Batesville, Arkansas, US
To be announced
2000 (facility sold in 2006)
Eastman Chemical Company
In 1999, Eastman Chemical Company began constructing a small-scale current good manufacturing practice (cGMP) facility in Arkansas, US.
Designed and constructed by Kvaerner Engineering, the plant produces custom pharmaceutical intermediates and bulk actives, as well as fine chemicals. It was the first of two cGMP manufacturing plants to be built at Eastman’s Arkansas site.
The small-scale plant was fully operational by Q4 2000. Construction of the large-scale plant started in 2001 and was completed by 2003.
FutureFuel Chemical Company now operates the former Eastman Chemical Company 24MMgy biodiesel plant in Batesville.
Eastman cGMP North American expansion project
Headquartered in Kingsport, Tennessee, Eastman Chemical Company manufactures and markets chemicals, fibres and plastics.
The small-scale plant in Arkansas was the first part of the company’s two-phase cGMP North American campaign. It preceded the construction of another commercial-scale cGMP plant capable of manufacturing multiple metric tons of pharmaceutical intermediates and bulk actives.
The small-scale plant manufactures pharmaceutical intermediates and bulk actives to meeet cGMP guidelines in quantities ranging from grams to metric tons. It has two main sections:
- The smaller section houses 22l reaction systems for manufacturing initial quantities of new chemical entities (NCE) under cGMP conditions
- The larger section manufactures multiple-kilogram to metric-ton quantities of cGMP pharmaceutical intermediates and bulk actives in a mix of 100 and 300 gallon reaction vessels. These vessels offer flexibility for a host of organic syntheses, including hydrogenation, halogenation and low-temperature reactions
cGMP plant uses wide range of technology
The technology employed at the Arkansas facility ranges from general-purpose batch processing equipment featuring computer-controlled components to small-scale and commercial-scale cGMP plants. Dedicated continuous processing facilities are also available to meet customer production requirements.
Batch reactors (more than 60 made of glass and stainless steel), special reactors (chlorinators and sulfonators), continuous equipment (dedicated and limited general-purpose) and a cryogenic hastelloy reactor are used for the synthetic process.
Centrifuges (Hastelloy and stainless steel), nutsches (epoxy and stainless steel) and a Flaker system are used to carry out the isolation process.
Meanwhile, Eastman uses process vacuum stills (multiple receivers) and batch vacuum stills (glass and stainless steel) for the distillation process.
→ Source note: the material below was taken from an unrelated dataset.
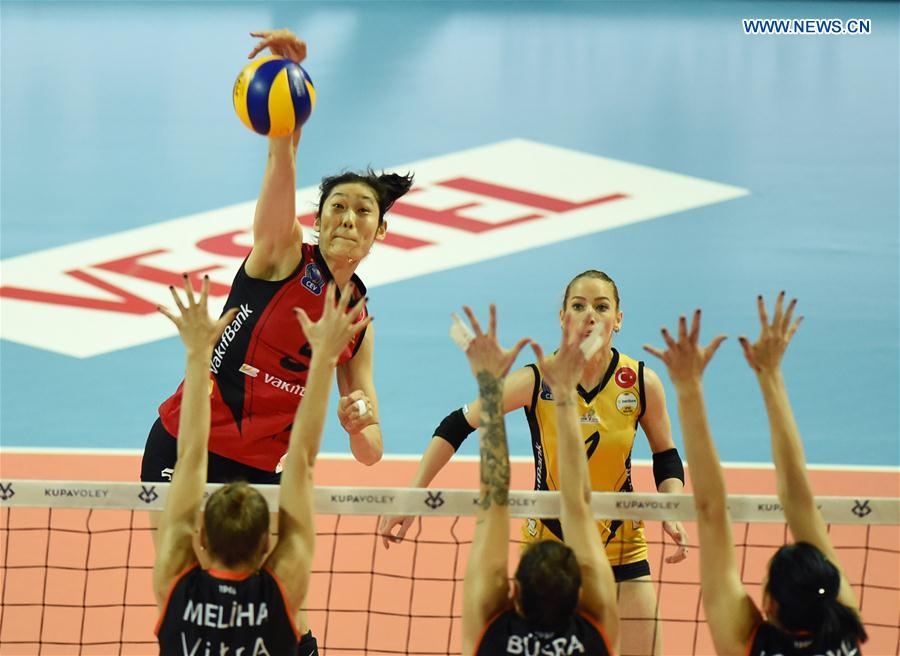 (SP)TURKEY-ANKARA-VOLLEYBALL-TURKISH CUP-FINAL-VAKIFBANK VS ECZACIBASI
For the auxiliary process, it uses rotary vacuum dryers (glass and stainless steel) and a solvent recovery bulk storage clarification filter Hastelloy auto filter dryer.
Lab capabilities and storage space
The laboratory at the small plant comprises more than 13,000ft² of modern lab space. It offers comprehensive analytical process improvement and product development services.
The laboratory can perform reaction calorimetry, kinetics and thermal hazard analysis, as well as reaction modelling (using simulation software), mobile real-time infra-red (RT IR) reaction analysis, and process instrumentation analysis.
General-purpose bulk storage and dedicated bulk storage facilities (including glass, stainless steel and rubber-lined vessels) are available for solvent, raw-material and finished-product storage. Warehousing and distribution space comprises 200,000ft² of heated space, 4,800ft² of refrigerated space and additional room for special storage needs.
In July 2006, the Eastman Chemical plant was sold to Viceroy Acquisition Corporation. The deal was completed by the end of 2006.
The president of Eastman Chemical Company and head of the Chemicals and Fibers business group Jim Rogers said: “The Arkansas facility has been an important part of Eastman’s business since the late 1970s.
“However, it does not fit with the company’s current strategy of driving growth in our core businesses and on taking full advantage of new growth opportunities. This divestiture will result in a better alignment of company resources with our strategy.”
The plant not only manufactures pharmaceutical ingredients and fine chemicals but also had become a major producer of biodiesel in the State of Arkansas. The site was purchased for $75m and all of the 408 personnel were retained.
The plant’s cGMP facility still produces organic compounds for fibres, food and beverage production, as well as household and personal products and pharmaceuticals.